• **TASK DETAILS**
Word for word, restate each of the entries below, and drop every picture.

Stored records

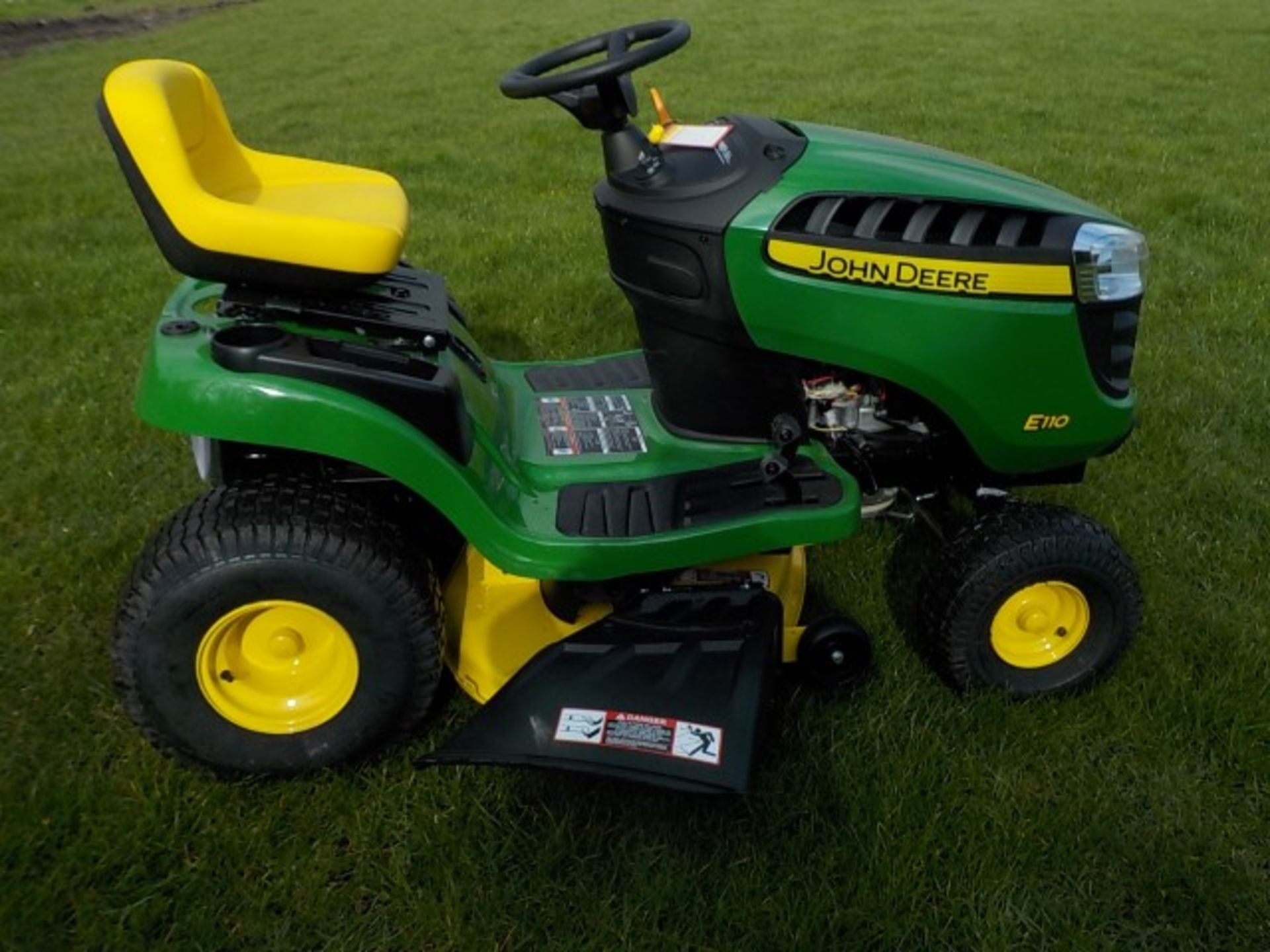 John Deere E110 Ride On Mower - Image 6 of 11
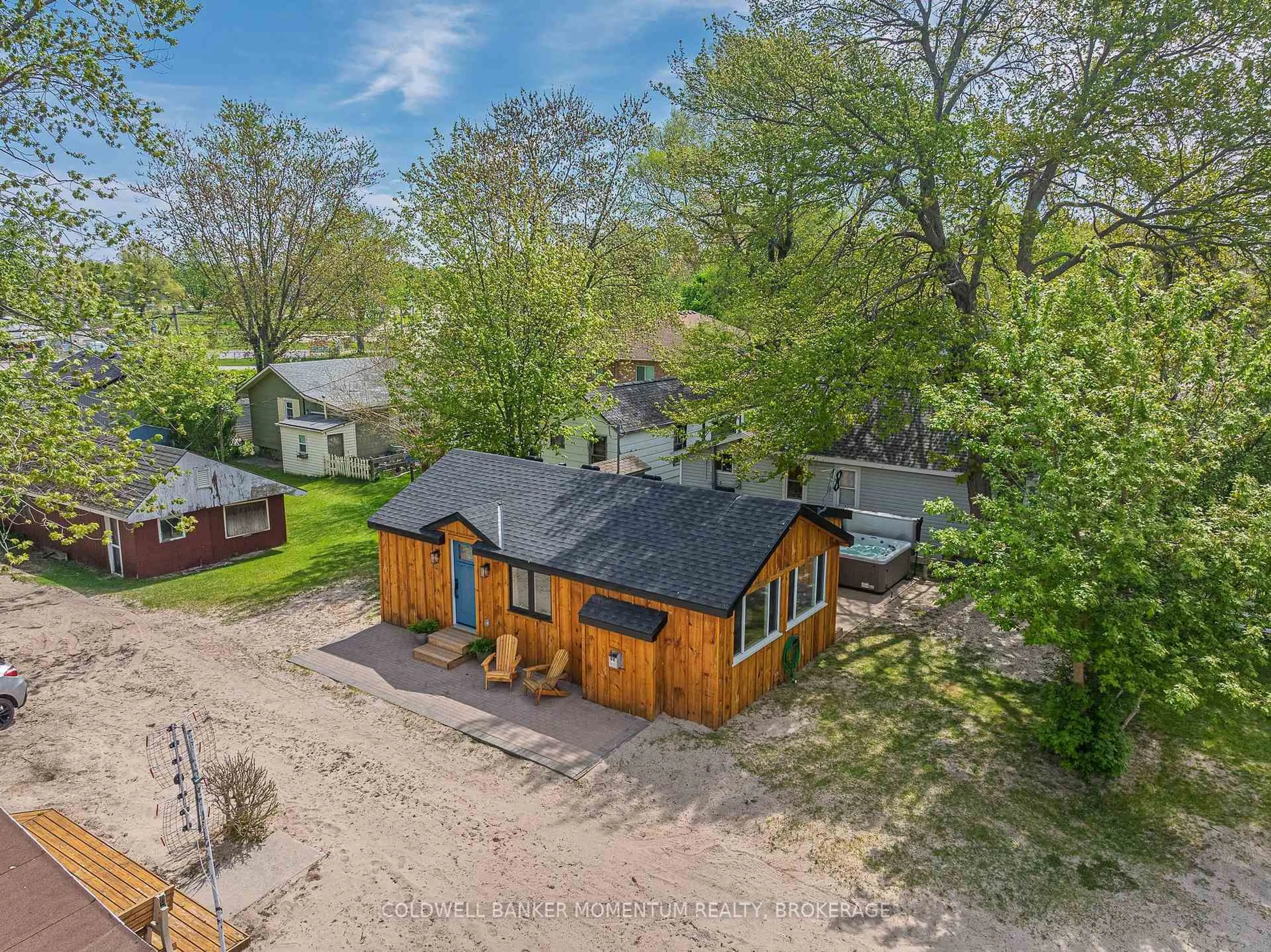 A pic from outside/outdoor area/front of a property/back of a property/a pic from drone, street for 12221 Lakeshore Rd, Wainfleet Ontario L0S 1V0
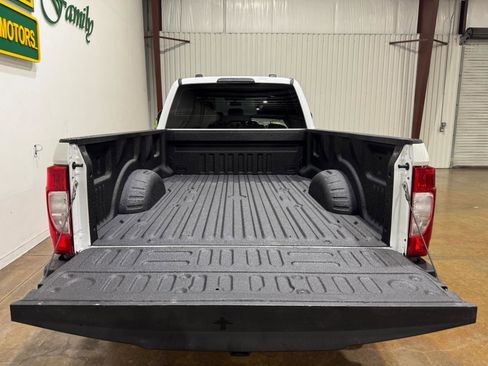 Used 2022 Ford F350 XL w/ Power Equipment Group image 47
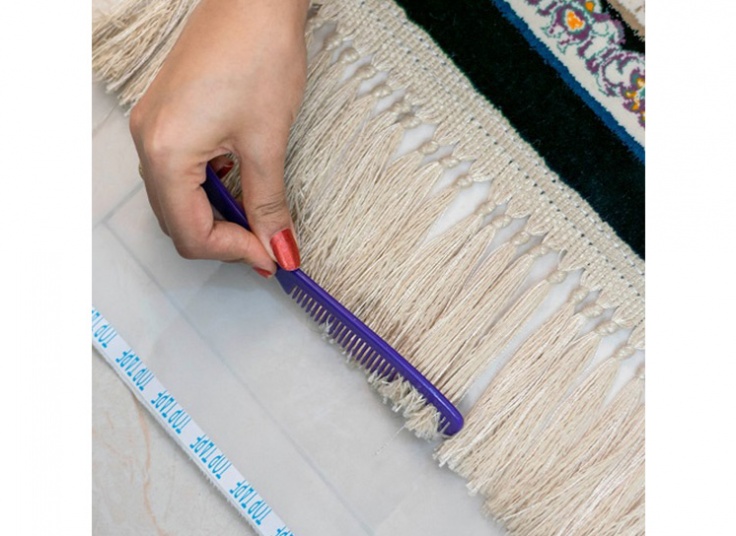 محافظ ریشه فرش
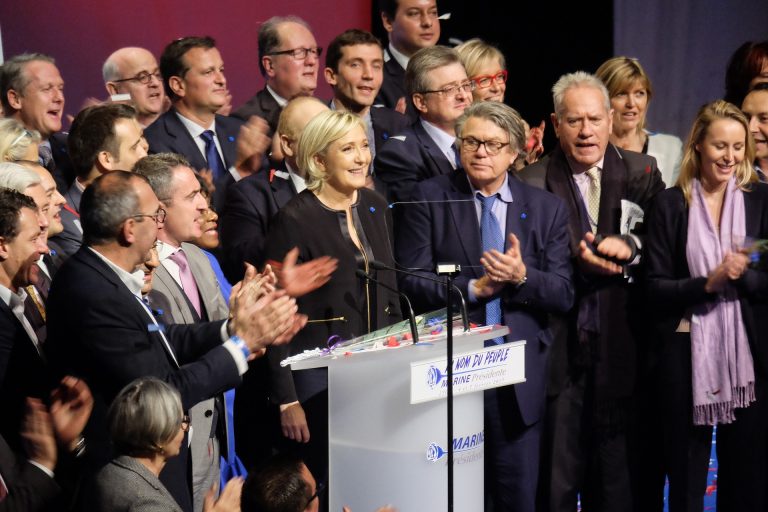 Marine Le Pen deve fare delle analisi psichiatriche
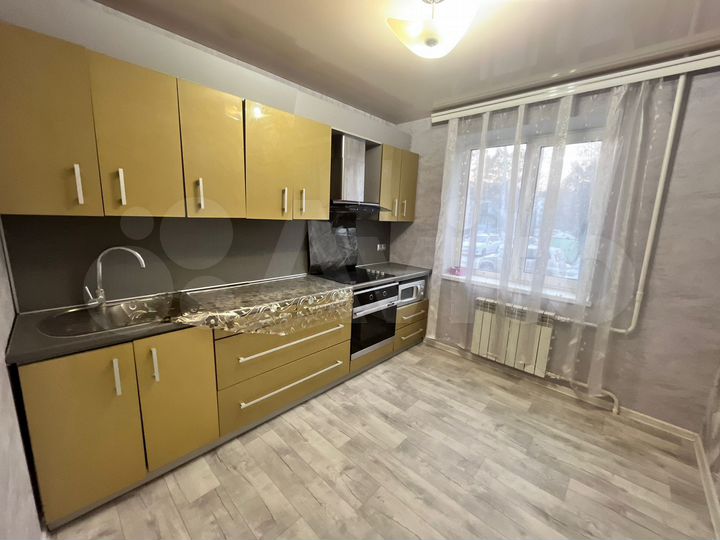 4-к. квартира, 75 м², 1/5 эт.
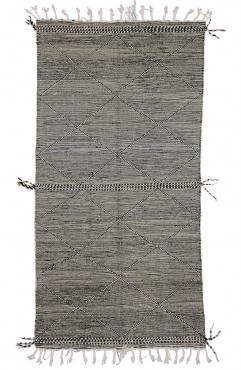 Gray Minimalist Rug 1152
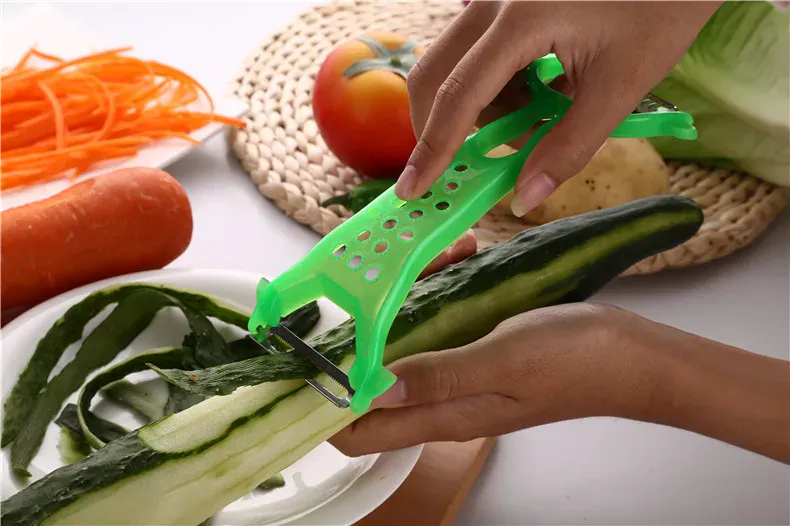 Râpe Légumes Multifonction en Acier Inoxydable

• **EXERCISE OUTPUT**
 John Deere E110 Ride On Mower - Image 6 of 11
 A pic from outside/outdoor area/front of a property/back of a property/a pic from drone, street for 12221 Lakeshore Rd, Wainfleet Ontario L0S 1V0
 Used 2022 Ford F350 XL w/ Power Equipment Group image 47
 محافظ ریشه فرش
 Marine Le Pen deve fare delle analisi psichiatriche
 4-к. квартира, 75 м², 1/5 эт.
 Gray Minimalist Rug 1152
 Râpe Légumes Multifonction en Acier Inoxydable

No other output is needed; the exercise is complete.